The dinner started with a plate of gorgeous home-cured duck breast prosciutto, topped with a drizzle of olive oil and edible flowers. Mr. Eric Rivera has some serious knife skills. 



It was an Asian-themed dinner, so chopsticks were the primary utensils. It should be noted that authenticity was not the point of the dinner; the flavors are Asian-inspired, but the food is uniquely Jet City Gastrophysics



We had a second appetizer of sesame risotto. Sesame seeds were cooked in a pressure cooker with some beef stock, then served with fried shallots, sliced green onion, and hot chili oil.



The first course consisted of a deep-fried, sous-vide egg yolk sitting on a nest of cilantro stems, served with Sriracha salt and sous-vide mayonnaise. The egg yolk was impossibly creamy, thanks to the cooking process. 
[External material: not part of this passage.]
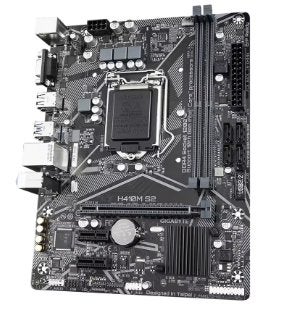 GIGABYTE H410M S2 Moederbord met Socket LGA 1200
What came next was proof that you don't need your own serving dish designer to create amazing presentations. What was once a tea candle holder from Crate and Barrel became an elegant serving dish for shrimp tuilles and cocktail sauce. 




Restructured shrimp with clementine segments, chili oil, and grapefruit peel on sesame tuille. Sous-vide shrimp with cocktail sauce. 

The next course was pho with "playful accompaniments".


Clockwise from the top: lime zest, sliced jalepeno peppers, sliced onions, Sriracha sugar, basil oil. Bean sprouts in the center.



Pho before soup:


Pho after soup:


The next course might have been the general favorite: good old-fashioned braised oxtail, formed into balls and then deep-fried, served on a zen garden of soy sesame soil.




We ooh'ed and ahhh'ed over the laser cut nori bonsai tree. Then we ate it. 


At this point of the dinner there was a general restlessness in the air - was this a, god-forbid, dry dinner? We were inching towards the bottle of Patron on the sideboard when Jethro carried a gigantic block of ice to the dining room. Chilling inside was a bottle of locally brewed sake.


(The elegant bamboo-in-ice presentation sat on top of an upturned-trashcan. Symbolic, no?)



And then the B-grade science fiction part of the meal kicked in.


A whole salmon was cut up and deep fried for fish n' chips. I won't get into how insanely good the homemade fries were, especially with wasabi mayo. 




Wait a second, what happened to the head and tail?




Salmon parts set in agar! You could just make out the salmon bits in the semi-opaque blocks. Creepy, eh?


They make great coasters.  




Continuing with the seafood theme, dessert was a play on the banana split.


Traditional Banana Split:

- banana
- vanilla ice cream
- strawberry marshmallows (ok, this is a UK thing)
- hot fudge sauce

Jet City Gastrophysics Banana Split:
- caramelized banana slices
- cashew ice cream
- sea urchin marshmallows
- eel sauce


Can't get your kids to eat their sea urchins? Make them into marshmallows!


The final mignardise was "sushi" with lima bean gel and coconut rice. 



Needless to say, the dinner was great fun for all involved. The amount of creativity and talent that went into the meal was truly something else. I wish Jet City Gastrophysics the best of luck at their formal debut next month. Keep up the amazing work, guys!


I just hope the raw-fish-in-agar thing doesn't catch on.